提言能力も増強されており、今年になってから、PIS(社会統合計画)/COFINS(社会保険融資負担)の問題やグアルーリョス空港における入管手続きの改善要望等7件も行っている。 本年3月には会員対象に会議所活動に対する要望事項を聞くためにアンケート調査を行った。その結果を可能な限り活動に反映し、新しい試みを手がけている。財政基盤の整備のための新規会員勧誘作戦や提案箱の設置、会員家族そろってのピクニック等も実施に移している。

主要外国商工会議所の「企業の社会的責任プログラム」に対する取り組み

ブラジルは、ダイナミックな国である。と同時に多くの問題を抱えた国である。貧困、失業、教育、衛生、犯罪、治安、環境等々である。ルーラ政権も、“FOME ZERO” (飢餓撲滅)キャンペーンを大々的に展開している。2994年2月中旬には、サンパウロで飢餓撲滅展という珍しい展示会がルーラ大統領出席のもとに開催された。内外企業、政府系企業がいかに社会的責任を果たしているかを紹介するための展示会である。この一例をみても、政府、企業共に、「企業の社会的責任」を果たし、「良き企業市民」になるために大きな努力を払っていることが理解できる。ブラジルにある外国商工会議所も熱心である。

米国商工会議所は、1919年に設立され、会員数約5,600社、すでに1982年にECO賞(EMPRESA‐COMUNIDADE企業-コミュニティ賞)を創設している。

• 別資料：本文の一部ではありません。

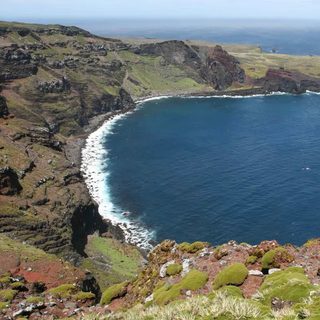 Cinco gatos por ratones: el error que devastó una isla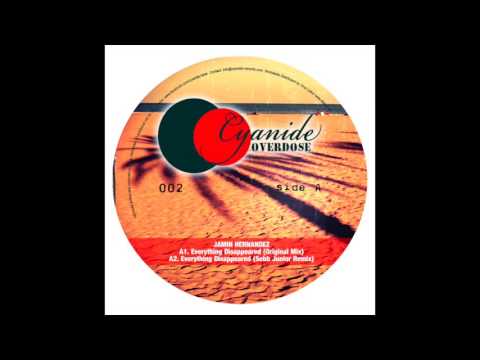Jamin Hernandez - Everything Disappeared (Sebb Junior Remix)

この賞の目的は、ブラジルに在住する企業、財団、団体、研究所の中で社会の福祉向上や国の発展に繋がる活動を行っている組織を称え、表彰することにある。教育、文化、環境、健康、コミュニティ参加の5部門に分かれており、1982年から2003年までに応募企業は、1,372社、応募プロジェクトは1,729件、表彰プロジェクトは123件、応募企業の投資金額は28億ドルとなっている。

ドイツ商工会議所も2000年から、フォン・マルチウス環境賞という表彰制度を開始した。ドイツの植物学者の名前をとったこの賞は、人文、自然、技術の分野に分かれており、世界にエコロジーに対する責任を訴えるためのものである。

フランス商工会議所も2002年にLIF賞(自由、平等、友愛のポルトガル語の頭文字)を設立した。この賞も、教育分野、衛生分野、文化分野、環境分野の4部門でコミュニティに貢献のあった企業を表彰するためのものである。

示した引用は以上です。